The reasons for attack are changing in some quarters, though, with Trustwave's report indicating that 45 percent of data thefts involved non-payment card data.
Keeping the attackers out seems to be a ‘if, not when' you get breached strategy but worryingly for companies, even their ability to detect and respond is being severely hampered. Speaking at the event in London, Trustwave director John Yeo said that 20 percent of intrusions were “unknown” owing to “insufficient evidence”, something he attributed to poor logging and attacker versatility.
“This really talks of the business inability to get the detective and monitoring controls right – they didn't get the necessary evidence,” said Yeo. “[They're] not even capturing basic logging, or getting the fundamentals right,” he added.
Asked by SCMagazineUK.com if this was the fault of poor tech implementation or a lack of training, Yeo admitted that it could be both but said that companies are starting to deploy SIEM solutions.
Dr Adrian Davis, managing director at (ISC) ² EMEA, said that companies need to identify what's normal in their analytics.
“It's about identifying what's normal and then keep going,” said Davis, a former analyst at the Information Security Forum. “Too often, they suffer a data breach, and organisations kind of stop. Everyone's running around like a headless chicken,” he added before urging the need for an incident response plan.
He went on to detail the need for proper log management.
“Logs are not necessary to be kept beyond three to six months,” said Davis. “So if the logging is only 30 days by the time they are called in, the logs are overridden.

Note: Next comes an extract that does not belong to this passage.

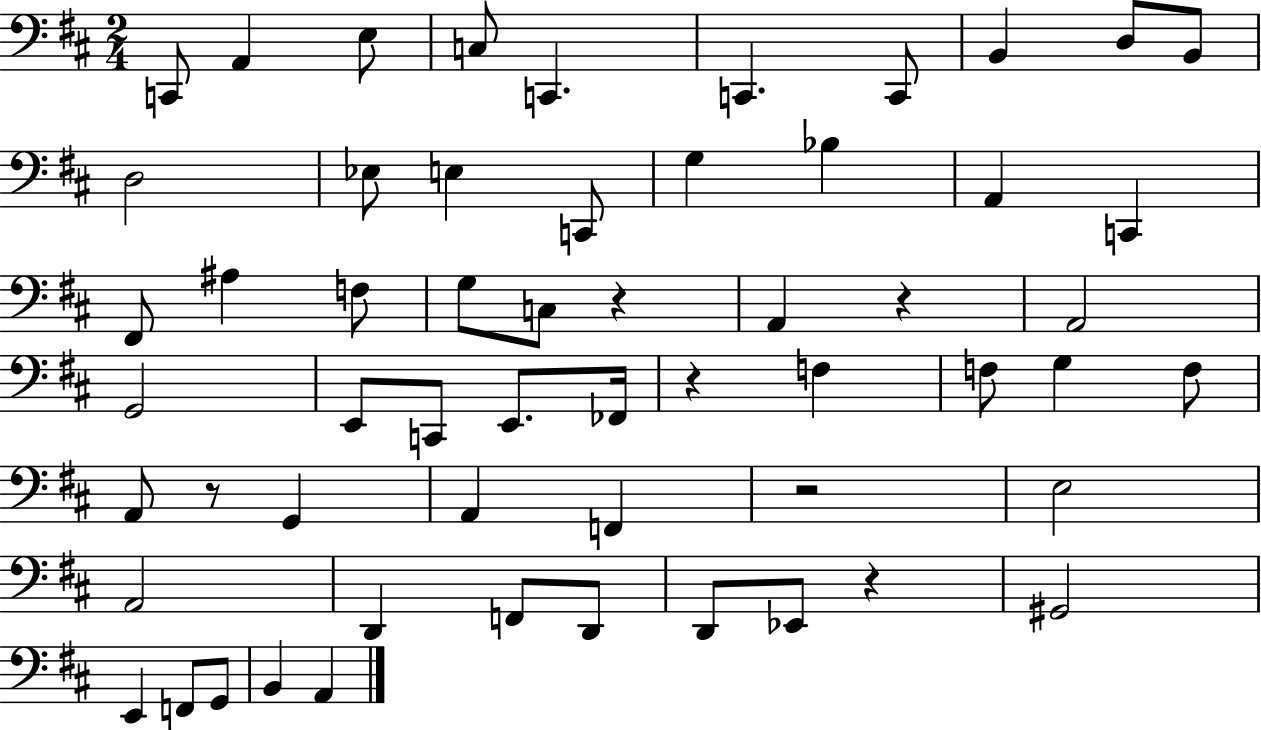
C2/e A2/q E3/e C3/e C2/q. C2/q. C2/e B2/q D3/e B2/e D3/h Eb3/e E3/q C2/e G3/q Bb3/q A2/q C2/q F#2/e A#3/q F3/e G3/e C3/e R/q A2/q R/q A2/h G2/h E2/e C2/e E2/e. FES2/s R/q F3/q F3/e G3/q F3/e A2/e R/e G2/q A2/q F2/q R/h E3/h A2/h D2/q F2/e D2/e D2/e Eb2/e R/q G#2/h E2/q F2/e G2/e B2/q A2/q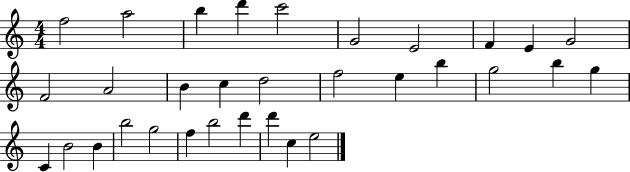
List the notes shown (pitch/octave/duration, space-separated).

F5/h A5/h B5/q D6/q C6/h G4/h E4/h F4/q E4/q G4/h F4/h A4/h B4/q C5/q D5/h F5/h E5/q B5/q G5/h B5/q G5/q C4/q B4/h B4/q B5/h G5/h F5/q B5/h D6/q D6/q C5/q E5/h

“It's a practical thing,” said Dr Geraint Price, lecturer in information security at the Royal Holloway University. “I wouldn't want to keep logs for six months.”

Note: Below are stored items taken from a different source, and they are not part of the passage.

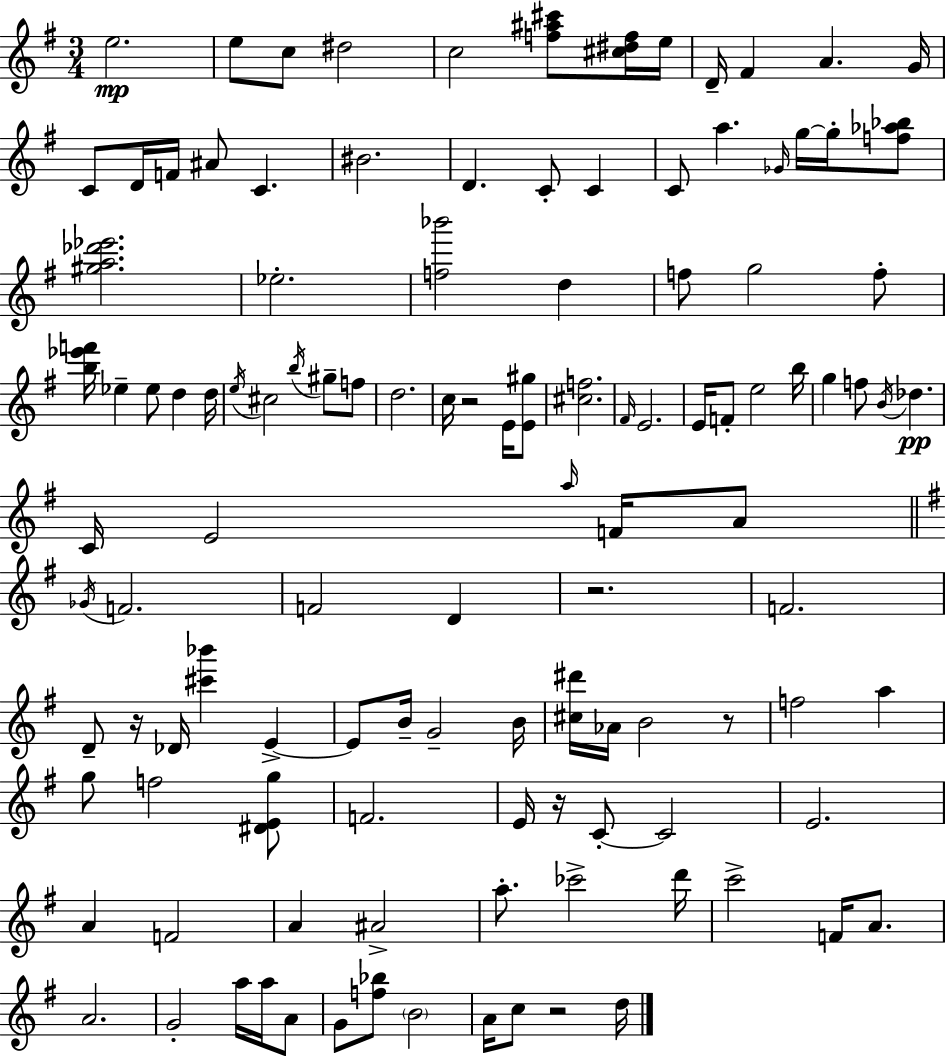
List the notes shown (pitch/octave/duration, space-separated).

E5/h. E5/e C5/e D#5/h C5/h [F5,A#5,C#6]/e [C#5,D#5,F5]/s E5/s D4/s F#4/q A4/q. G4/s C4/e D4/s F4/s A#4/e C4/q. BIS4/h. D4/q. C4/e C4/q C4/e A5/q. Gb4/s G5/s G5/s [F5,Ab5,Bb5]/e [G#5,A5,Db6,Eb6]/h. Eb5/h. [F5,Bb6]/h D5/q F5/e G5/h F5/e [B5,Eb6,F6]/s Eb5/q Eb5/e D5/q D5/s E5/s C#5/h B5/s G#5/e F5/e D5/h. C5/s R/h E4/s [E4,G#5]/e [C#5,F5]/h. F#4/s E4/h. E4/s F4/e E5/h B5/s G5/q F5/e B4/s Db5/q. C4/s E4/h A5/s F4/s A4/e Gb4/s F4/h. F4/h D4/q R/h. F4/h. D4/e R/s Db4/s [C#6,Bb6]/q E4/q E4/e B4/s G4/h B4/s [C#5,D#6]/s Ab4/s B4/h R/e F5/h A5/q G5/e F5/h [D#4,E4,G5]/e F4/h. E4/s R/s C4/e C4/h E4/h. A4/q F4/h A4/q A#4/h A5/e. CES6/h D6/s C6/h F4/s A4/e. A4/h. G4/h A5/s A5/s A4/e G4/e [F5,Bb5]/e B4/h A4/s C5/e R/h D5/s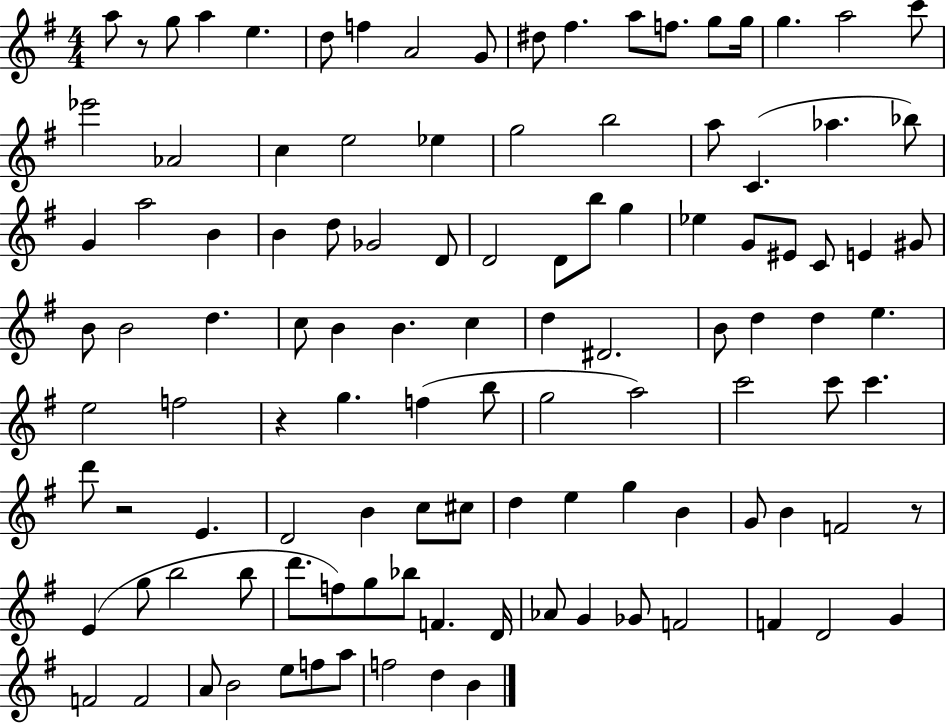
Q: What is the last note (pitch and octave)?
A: B4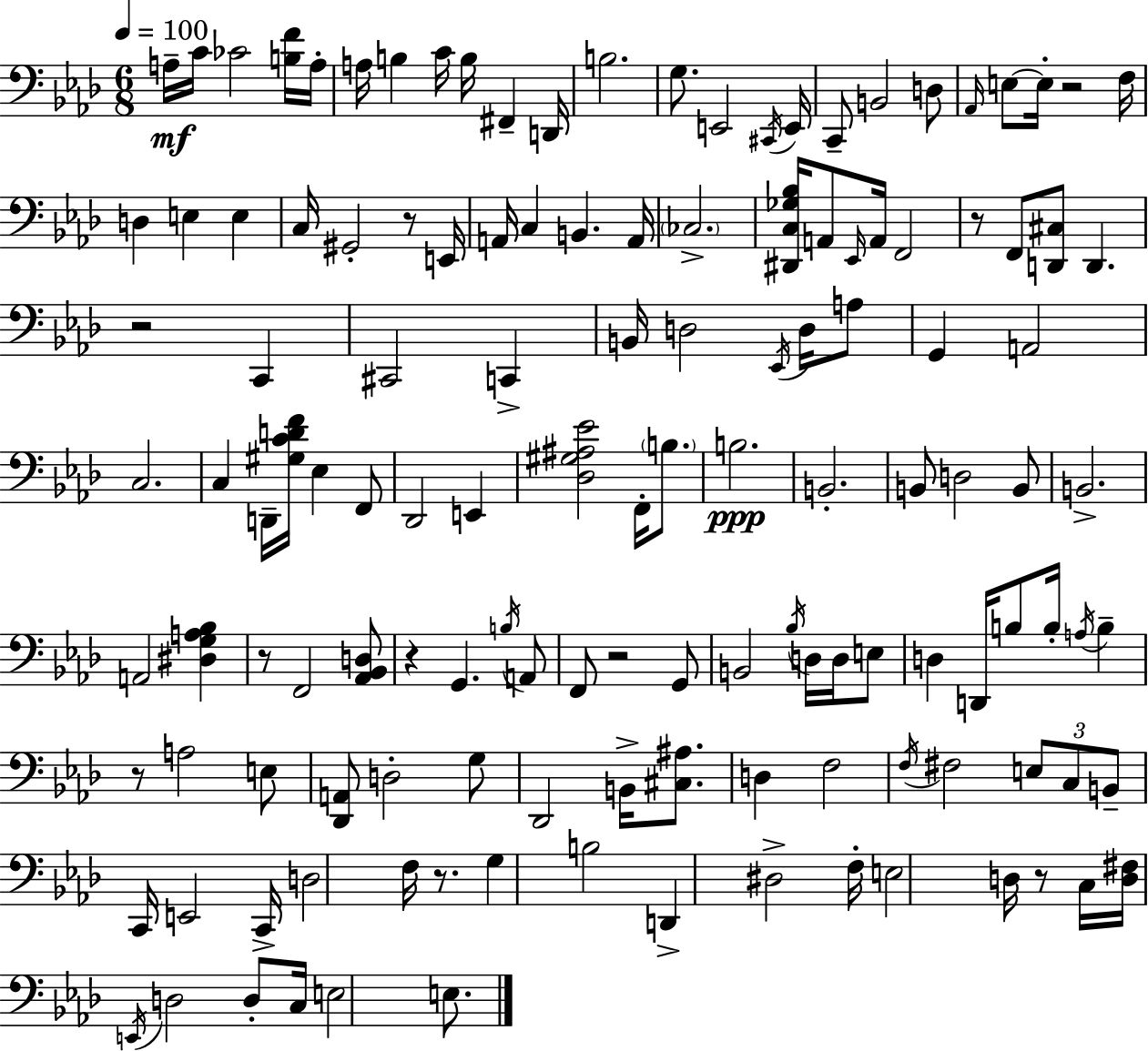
X:1
T:Untitled
M:6/8
L:1/4
K:Ab
A,/4 C/4 _C2 [B,F]/4 A,/4 A,/4 B, C/4 B,/4 ^F,, D,,/4 B,2 G,/2 E,,2 ^C,,/4 E,,/4 C,,/2 B,,2 D,/2 _A,,/4 E,/2 E,/4 z2 F,/4 D, E, E, C,/4 ^G,,2 z/2 E,,/4 A,,/4 C, B,, A,,/4 _C,2 [^D,,C,_G,_B,]/4 A,,/2 _E,,/4 A,,/4 F,,2 z/2 F,,/2 [D,,^C,]/2 D,, z2 C,, ^C,,2 C,, B,,/4 D,2 _E,,/4 D,/4 A,/2 G,, A,,2 C,2 C, D,,/4 [^G,CDF]/4 _E, F,,/2 _D,,2 E,, [_D,^G,^A,_E]2 F,,/4 B,/2 B,2 B,,2 B,,/2 D,2 B,,/2 B,,2 A,,2 [^D,G,A,_B,] z/2 F,,2 [_A,,_B,,D,]/2 z G,, B,/4 A,,/2 F,,/2 z2 G,,/2 B,,2 _B,/4 D,/4 D,/4 E,/2 D, D,,/4 B,/2 B,/4 A,/4 B, z/2 A,2 E,/2 [_D,,A,,]/2 D,2 G,/2 _D,,2 B,,/4 [^C,^A,]/2 D, F,2 F,/4 ^F,2 E,/2 C,/2 B,,/2 C,,/4 E,,2 C,,/4 D,2 F,/4 z/2 G, B,2 D,, ^D,2 F,/4 E,2 D,/4 z/2 C,/4 [D,^F,]/4 E,,/4 D,2 D,/2 C,/4 E,2 E,/2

Matt Palmer, chair of the Channel Islands Information Security Forum (CIISF), said that it's also an issue of keeping the right logged information and whether the organisation is making use of that.
Detection can go on for months
Proper log management has its advantages and this is borne out in Trustwave's finding that those that self-detect breaches react much faster to remediation than those that rely on third parties.

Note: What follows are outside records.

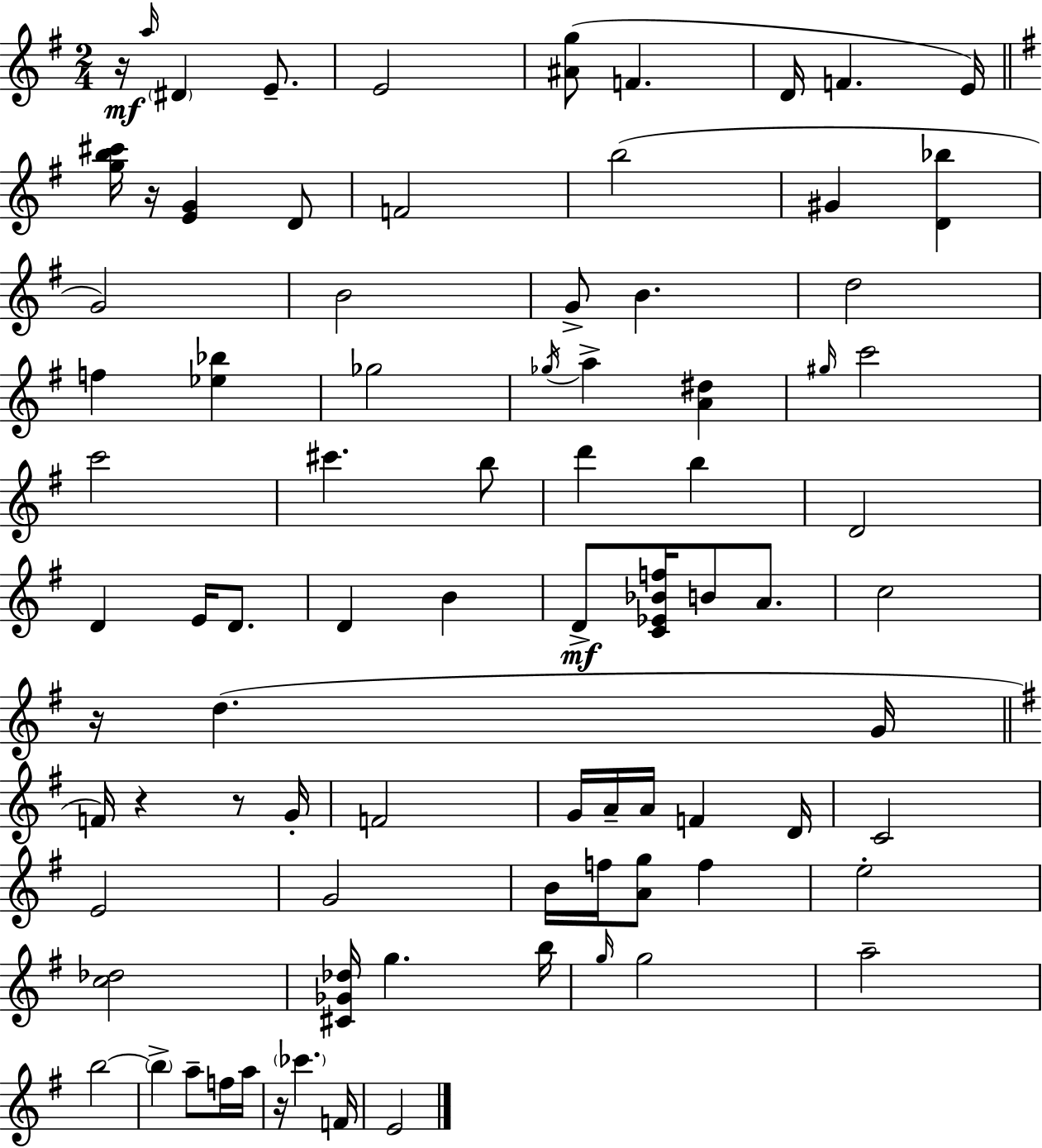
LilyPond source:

{
  \clef treble
  \numericTimeSignature
  \time 2/4
  \key e \minor
  \repeat volta 2 { r16\mf \grace { a''16 } \parenthesize dis'4 e'8.-- | e'2 | <ais' g''>8( f'4. | d'16 f'4. | \break e'16) \bar "||" \break \key g \major <g'' b'' cis'''>16 r16 <e' g'>4 d'8 | f'2 | b''2( | gis'4 <d' bes''>4 | \break g'2) | b'2 | g'8-> b'4. | d''2 | \break f''4 <ees'' bes''>4 | ges''2 | \acciaccatura { ges''16 } a''4-> <a' dis''>4 | \grace { gis''16 } c'''2 | \break c'''2 | cis'''4. | b''8 d'''4 b''4 | d'2 | \break d'4 e'16 d'8. | d'4 b'4 | d'8->\mf <c' ees' bes' f''>16 b'8 a'8. | c''2 | \break r16 d''4.( | g'16 \bar "||" \break \key e \minor f'16) r4 r8 g'16-. | f'2 | g'16 a'16-- a'16 f'4 d'16 | c'2 | \break e'2 | g'2 | b'16 f''16 <a' g''>8 f''4 | e''2-. | \break <c'' des''>2 | <cis' ges' des''>16 g''4. b''16 | \grace { g''16 } g''2 | a''2-- | \break b''2~~ | \parenthesize b''4-> a''8-- f''16 | a''16 r16 \parenthesize ces'''4. | f'16 e'2 | \break } \bar "|."
}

The firm's data revealed that the median time from intrusion to detection was 87 days, and another seven days to containment.
When data breaches are self-detected, however, Trustwave says that companies go from intrusion to detection in 31.5 days (compared to 108 days by third-party) and detection to containment in just a day (14 days).
These companies are clearly in the minority though, as Trustwave indicates that 71 percent of victims did not detect themselves and instead relied on a third party.
“Organisations able to self-detect have much better time frames with containment, and shorter windows from intrusion to detection,” said Yeo.
Outsourcing carries own risks
Panellists also discussed the risks of outsourcing, a topical issue given the Target breach, and the report neither confirmed nor denied that third-parties can be riskier than the company's own IT teams.
Trustwave states that 46 percent of data breaches were down to ‘outside' companies, with this figure at 54 percent for in-house IT. Yeo said that this would likely be higher for those companies making “very poor” outsourcing decisions, but Price said that outsourcing was no guarantee of success.
“Outsourcing clearlyprovides no guarantee of getting better results,” he said.
In terms of responding to data breaches, the panel said that companies should be focusing on detective work, such as sniffing around suspicious outbound data, suspicious files, geographic anomalies, changes to window registry and account activity.
Davis said that incident response plans should not accumulate dust under the carpet but rather be tested on a regular basis.
“Incident response plans are one of those dusty documents that doesn't really get looked at until the middle of a compromise. It's important to test those plans and procedures."